▶ EXERCISE OBJECTIVE: What is needed is a word-for-word copy of the lines below from the one with "Fuel pump FORD" through the one with "Chapter 8 - Page 1", both included, with every picture left out.

▶ DATA IN THIS EXERCISE:
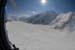 alpes 062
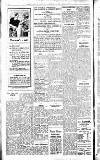 Buckinghamshire Examiner Friday 02 May 1941 Page 4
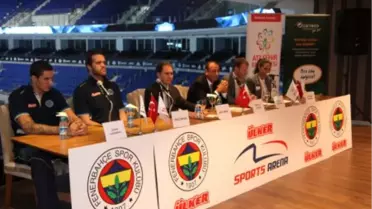 'Yeşil Pota, Temiz Doğa' Projesi Hayata Geçti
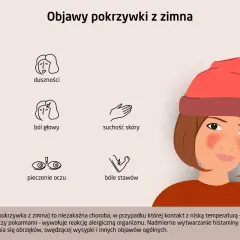 Jak rozpoznać alergię? Objawy, diagnoza i sposoby leczenia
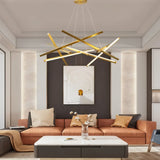 Ravenstein Chandelier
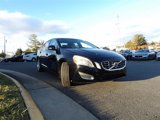 Used 2012 Volvo S60 T5 image 2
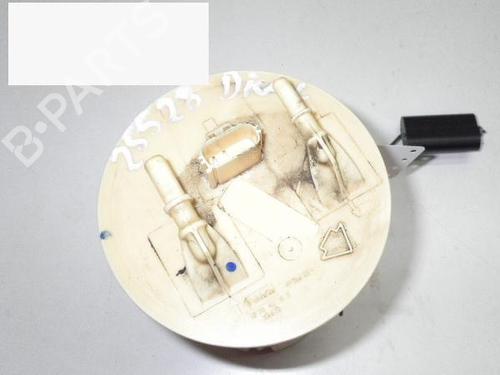 Fuel pump FORD FIESTA VI (CB1, CCN) 1.4 TDCi | BP14708353M76 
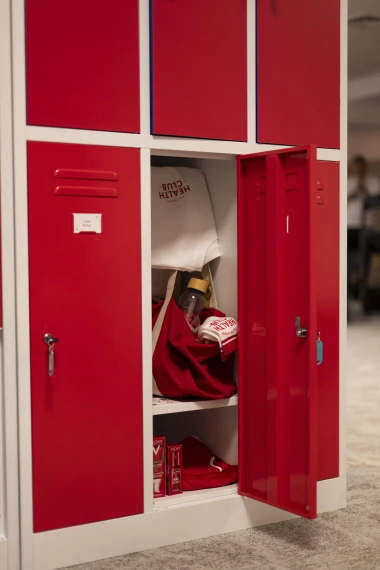 Longevity kao nova definicija ljepote: Vichy Health Club u Zagrebu u znaku vitalnosti tijela, kože i uma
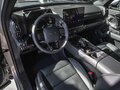 2026 Haval H7 I, серый, 4299000 рублей - вид 11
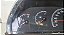 Painel instrumento Fiat Palio/Uno 2000 a 2013 - Imagem 4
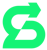 Space Ads Logotype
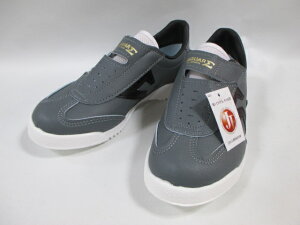 WK[ VO} 03 zCg zCg2 O[ ubN [X^[  Xj[J[ ƌC Y fB[X d wZ Ɨ U nr N ty w y { }W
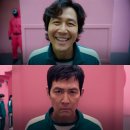 한국보건복지인재원(KOHI) 인턴 합격 후기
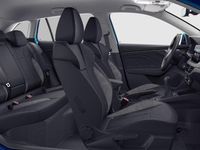 gebraucht Skoda Scala Style Plus Edition LAGERND KURZFRISTIG LIEFERBAR ca. 2-3 WOCHEN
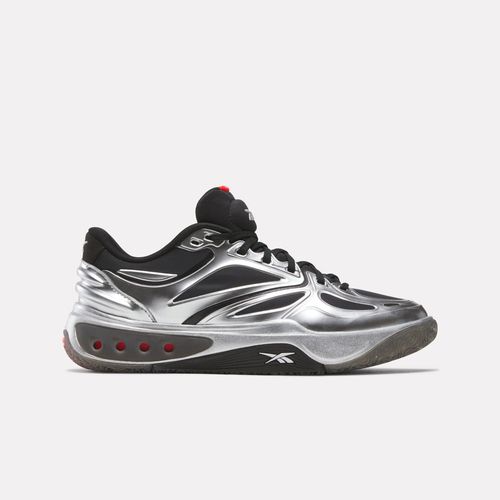 Zapatillas Basketball| Engine A | Unisex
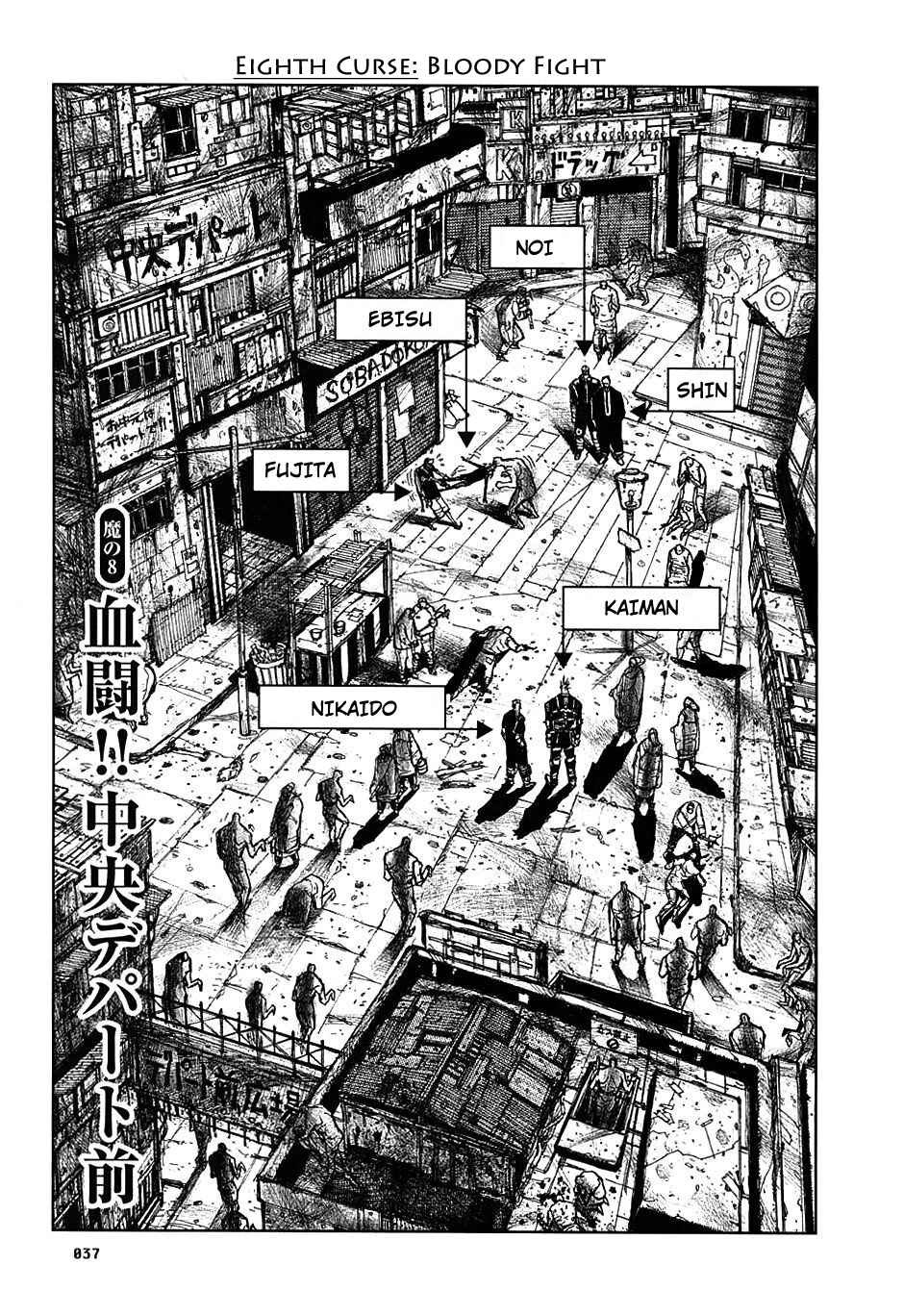 Chapter 8 - Page 1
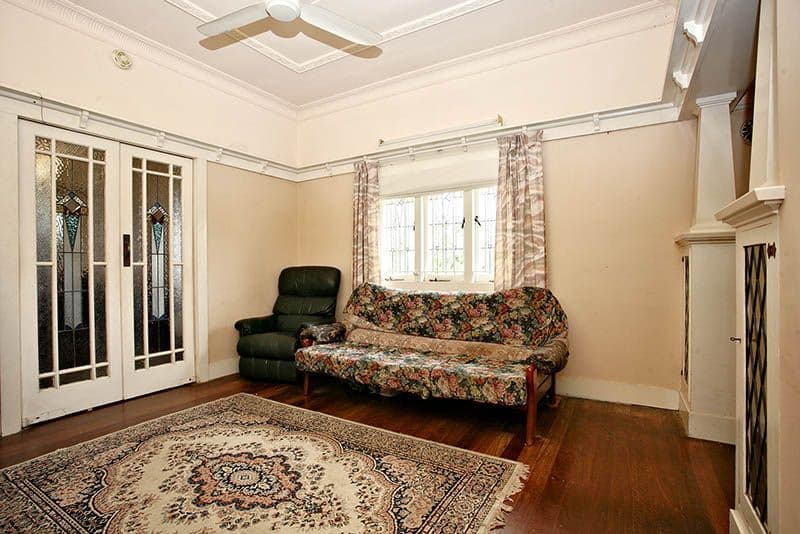 39 Goodwin Terrace, MOOROOKA QLD 4105, Moorooka - Thumbnail 3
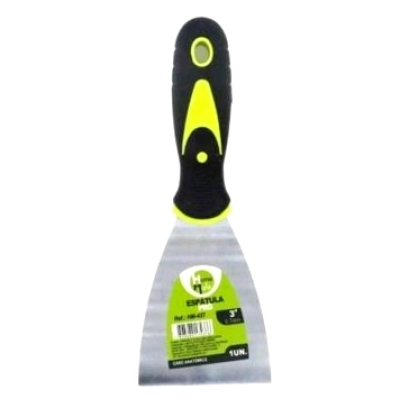 ESPATULA 3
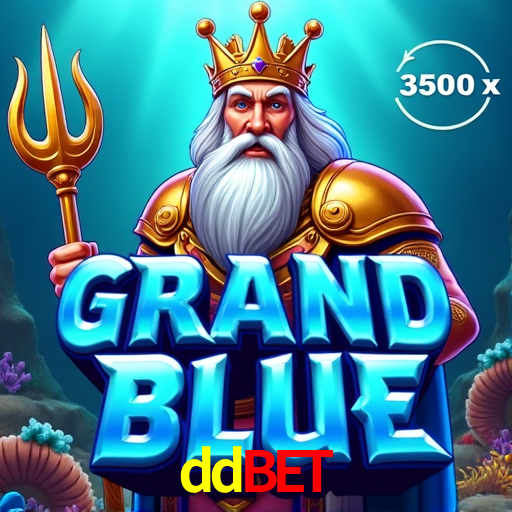 A Emoção da Loteria na ddbet: Uma Chance de Mudança de Vida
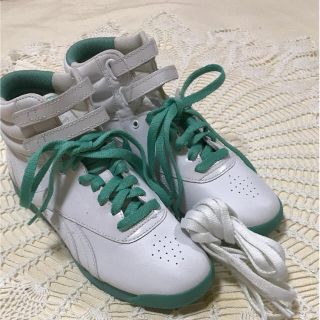 リーボック(Reebok)の新品 リーボック スニーカー  (スニーカー)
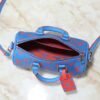 LOUIS VUITTON Keepall Bandoulière 25 M14989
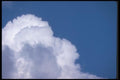 191061 Cumulus A4 Photo Print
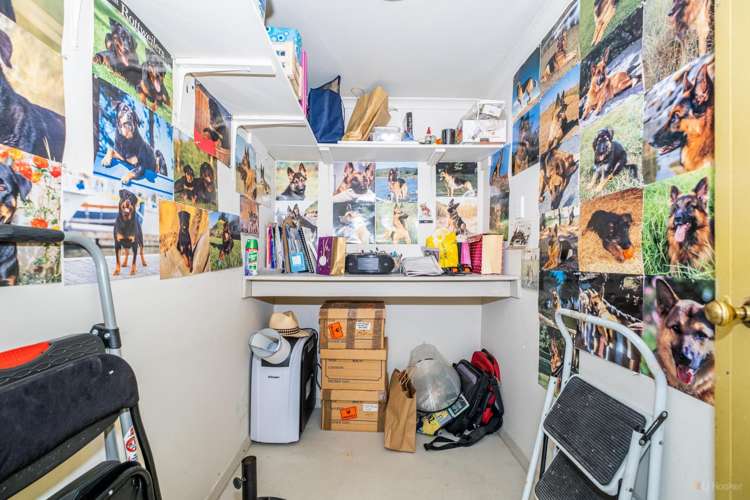 48 Allan Street Waimate_23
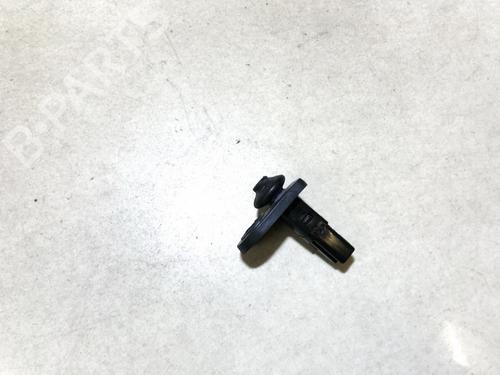 Used Electronic module Electronic module 35620376 35620376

▶ WRITTEN REPLY:
 Fuel pump FORD FIESTA VI (CB1, CCN) 1.4 TDCi | BP14708353M76 
 Longevity kao nova definicija ljepote: Vichy Health Club u Zagrebu u znaku vitalnosti tijela, kože i uma
 2026 Haval H7 I, серый, 4299000 рублей - вид 11
 Painel instrumento Fiat Palio/Uno 2000 a 2013 - Imagem 4
 Space Ads Logotype
 WK[ VO} 03 zCg zCg2 O[ ubN [X^[  Xj[J[ ƌC Y fB[X d wZ Ɨ U nr N ty w y { }W
 한국보건복지인재원(KOHI) 인턴 합격 후기
 gebraucht Skoda Scala Style Plus Edition LAGERND KURZFRISTIG LIEFERBAR ca. 2-3 WOCHEN
 Zapatillas Basketball| Engine A | Unisex
 Chapter 8 - Page 1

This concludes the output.